Short text fragments from websites:
* * * * * * * * *

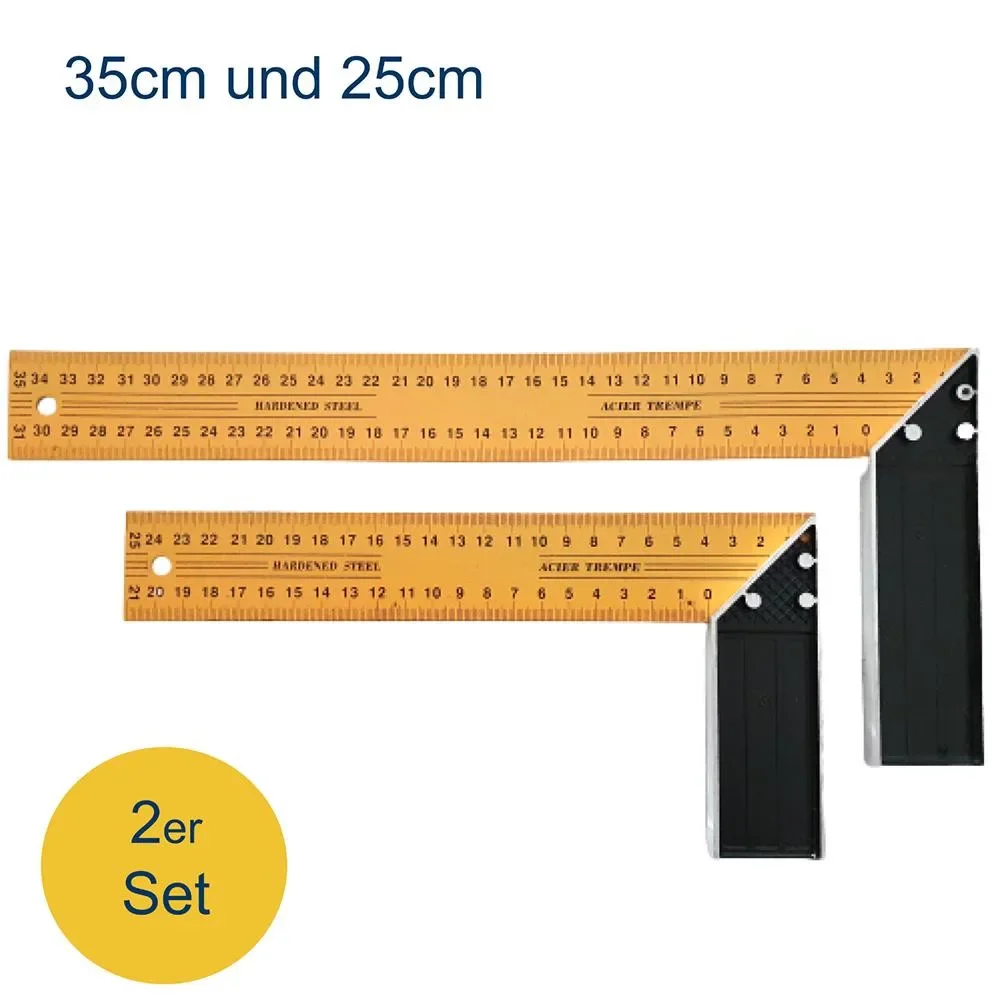

L-Square Angle Ruler 90 Degree Ruler Steel 250/350mm for Woodworking Carpentry Leathercraft Testing Measuring Hand Tools
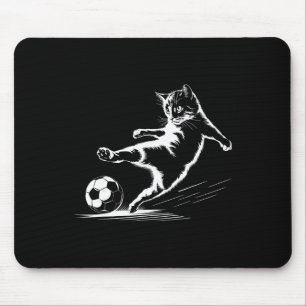 Tapis De Souris Chat jouant au football graphique chat sports drôl
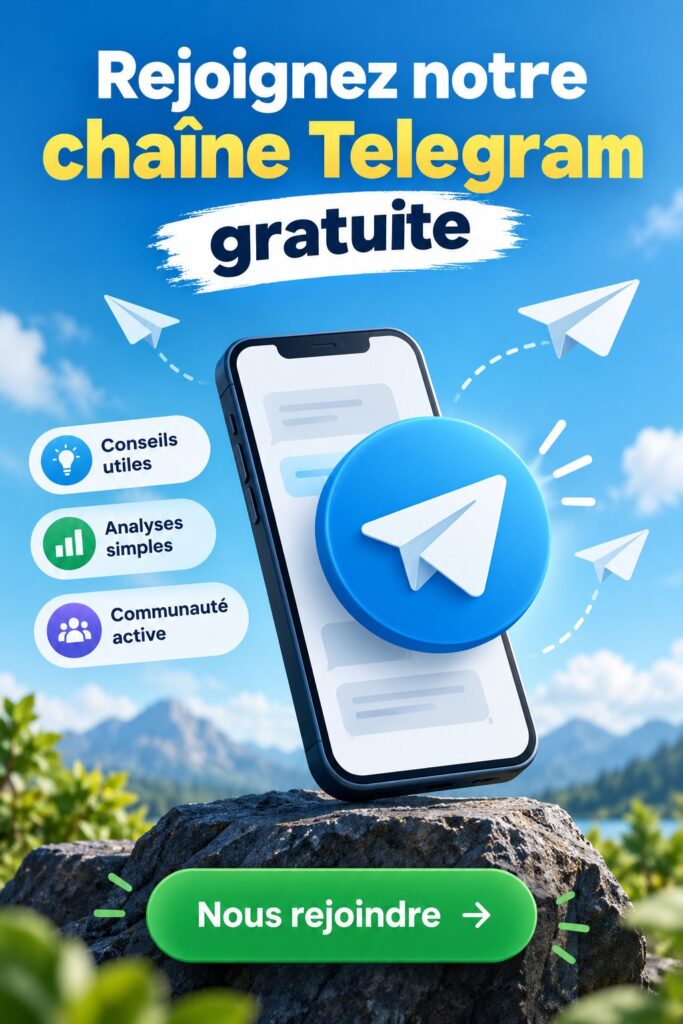 Femme souriante utilisant le téléphone pour rejoindre un canal Telegram sur la gestion d'entreprise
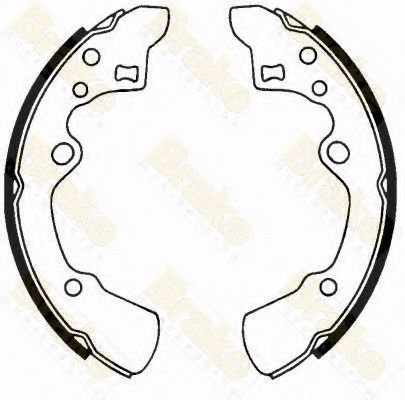 Brake ENGINEERING SH2320 Тормозные колодоки для MAZDA 626 III (Мазда 626 3) Brake ENGINEERING SH2320 Тормозные колодоки для MAZDA 626 III (Мазда 626 3)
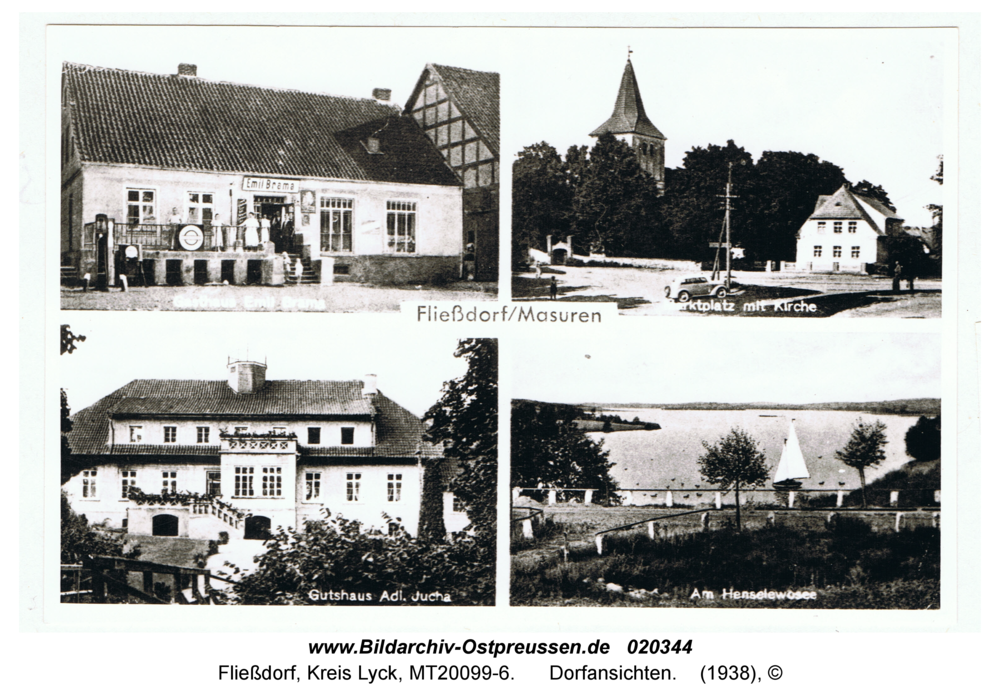 Fließdorf, Dorfansichten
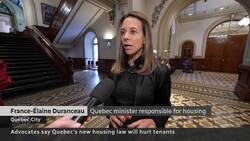 Housing bill threatens Quebec's low rents, advocates say News Clip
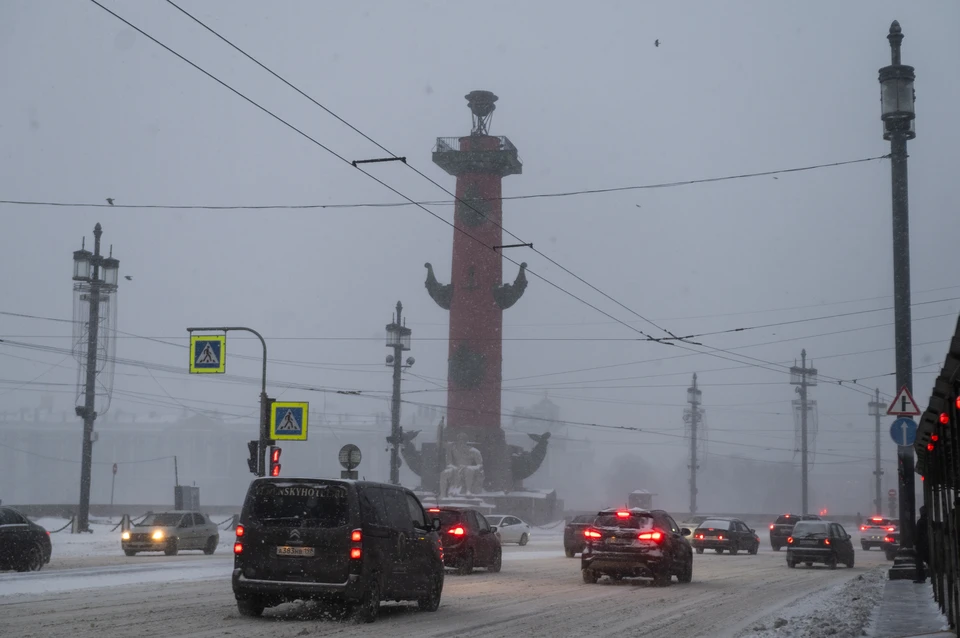 Снег и оттепель ждут Петербург 1 февраля.
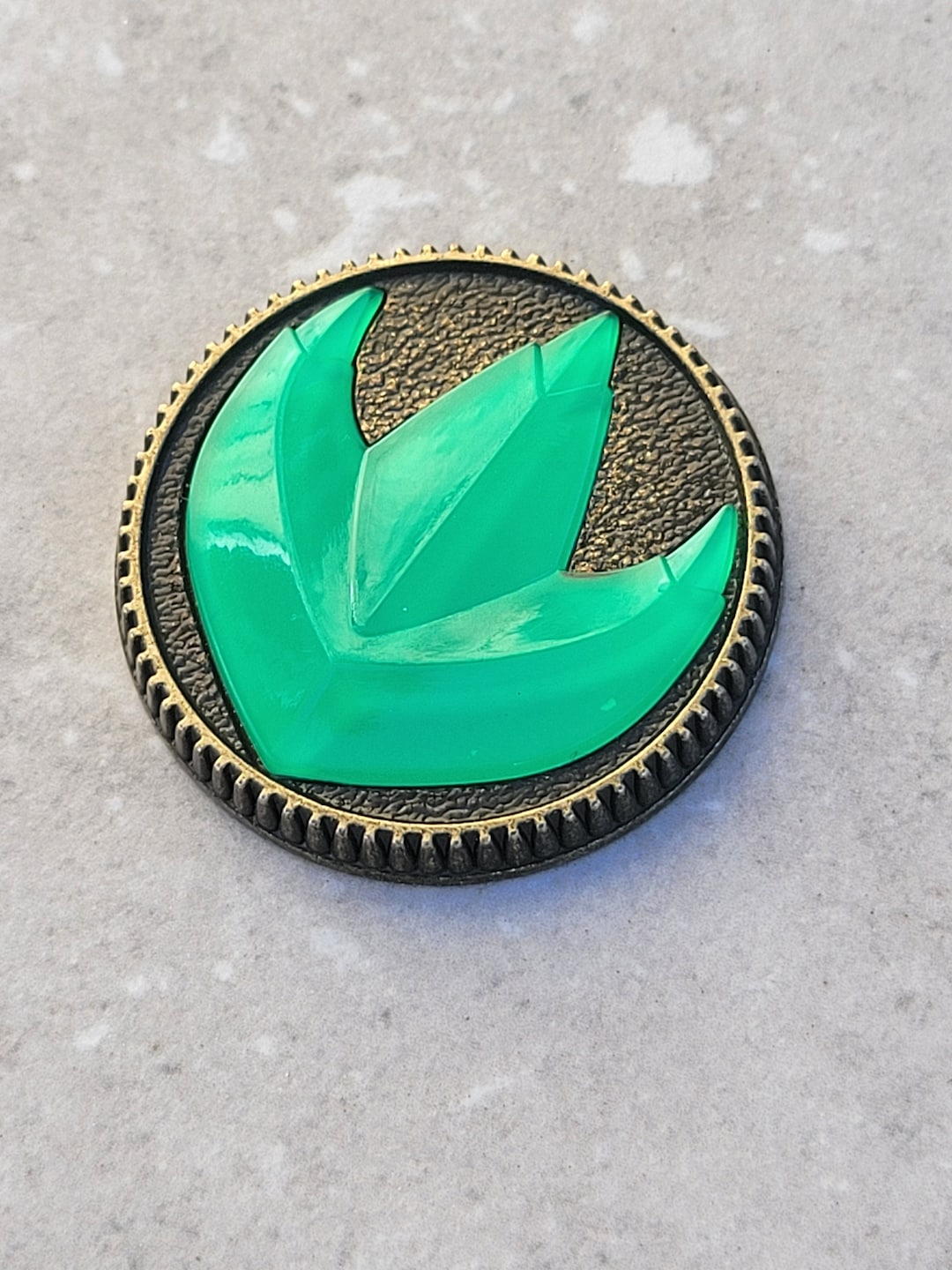Dragon Crystal Legacy Coin Weathered Green Crystal Power Coin Ranger - Etsy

* * * * * * * * *

Assignment: Retype only the lines from the one with "Fließdorf, Dorfansichten" through the final line of the entries, please, and keep the pictures out.

Result for this exercise:
 Fließdorf, Dorfansichten
 Housing bill threatens Quebec's low rents, advocates say News Clip
 Снег и оттепель ждут Петербург 1 февраля.
Dragon Crystal Legacy Coin Weathered Green Crystal Power Coin Ranger - Etsy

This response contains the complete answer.